The FAFSA must be completed during your student's senior year as soon after January 1 as possible, using the previous year's completed income tax form, as well as currrent bank statements with your current cash on hand. Here are the numbers that do not count toward your personal wealth for the purposes of the FAFSA: the value of your house and the value of your retirement savings. Having less cash on hand at the time you complete the FAFSA will net a smaller EFC. Paying for more than one child in college will also result in a smaller EFC. The smaller your EFC, the more financial aid you will be awarded, according to need. If your child gets married during college, then he will be considered an independent adult and complete his own FAFSA.
You can estimate your EFC right now by using the FAFSA4caster, which is an abbreviated online form that will give you a quick ballpark estimate.
Step 8. Apply to universities in September-November of the senior year. Scholarships are often awarded on a first-come, first-served basis, so the earlier you get the application in, the better. Merit-based and need-based scholarships are free money. Most people who have either also get federal loans as a part of their financial aid package. This is how most people afford college.
Subsidized loans means the federal government subsidizes them so that you don't have to pay interest on them until after graduation. Unsubsidized loans accrue interest while your student is still in school. The interest rate on these is still better than what you will find on commercial loans.
All federal loans are issued in the student's name.If you are deliberating whether to pay for all or most of your student's college education, consider having your student pay for at least her first year of college. That way, your student is invested in making the most of her time at school, and any temptations to pursue goals that don't contribute to academic success are minimized.

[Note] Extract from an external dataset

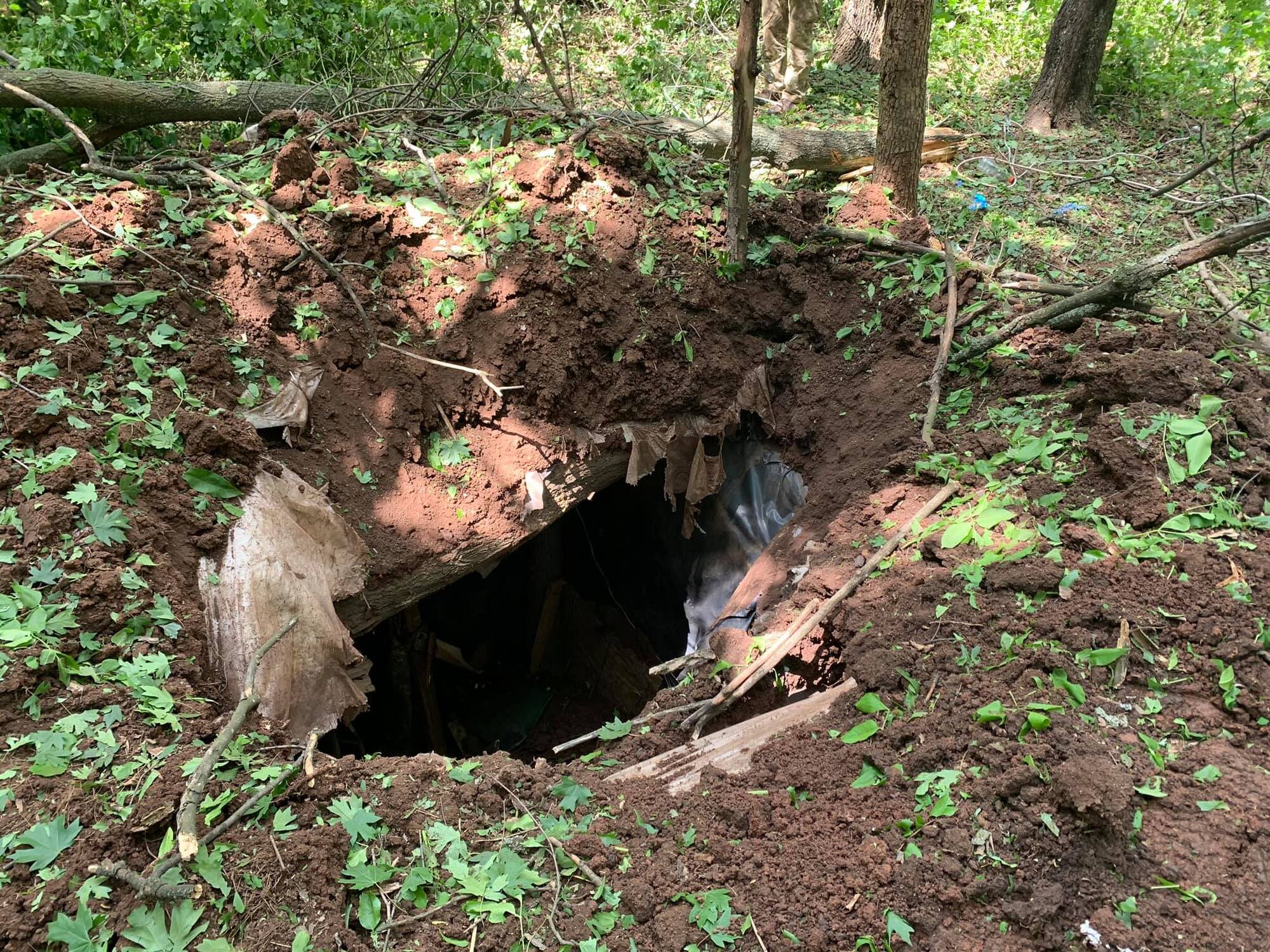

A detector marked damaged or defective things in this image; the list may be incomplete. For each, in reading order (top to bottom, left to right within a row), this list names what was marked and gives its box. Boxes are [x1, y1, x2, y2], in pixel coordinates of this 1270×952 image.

splintered wood [602, 680, 859, 792]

Step 9. Figure out where your student wants to live on campus and send in deposits for dorms or desired living spaces in October-November of the senior year to be sure you have a place reserved. If you decide not to attend that university, you can usually request your deposit back in May of the senior year.
Step 10. You will receive your award letter in March. This is the letter from the university that tells you how much of a discount or scholarship they will give you off of the full price. The award letter will tell you the deadline by which you need to accept or reject their offer.
Step 11. If you find you still need a bit to help you over the "hump," often universities can give small loans for the duration of the four years with low or no interest. If you need still more, consider going back to talk to the financial aid office in June or July. Make an appointment and be winsome. July is when the universities have received news from students who will not be coming and accepting the scholarship money offered to them. So there's a pile of money that doesn't have a home right at the moment in July. And then there's your charming student and winsome you.
Ask for those untapped funds in a way that matches your student's strengths with the stated goals of the university. Does the university emphasize servant leadership? Then have YOUR STUDENT tell how his hours and hours of volunteer service show how he will contribute to the university's stated desire to produce servant leaders. Talk should be geared to being an asset to the university.
There's a fine line between persistent and pushy. Your tone, demeanor, and words, along with your student's, will help you aim for winsome persistence.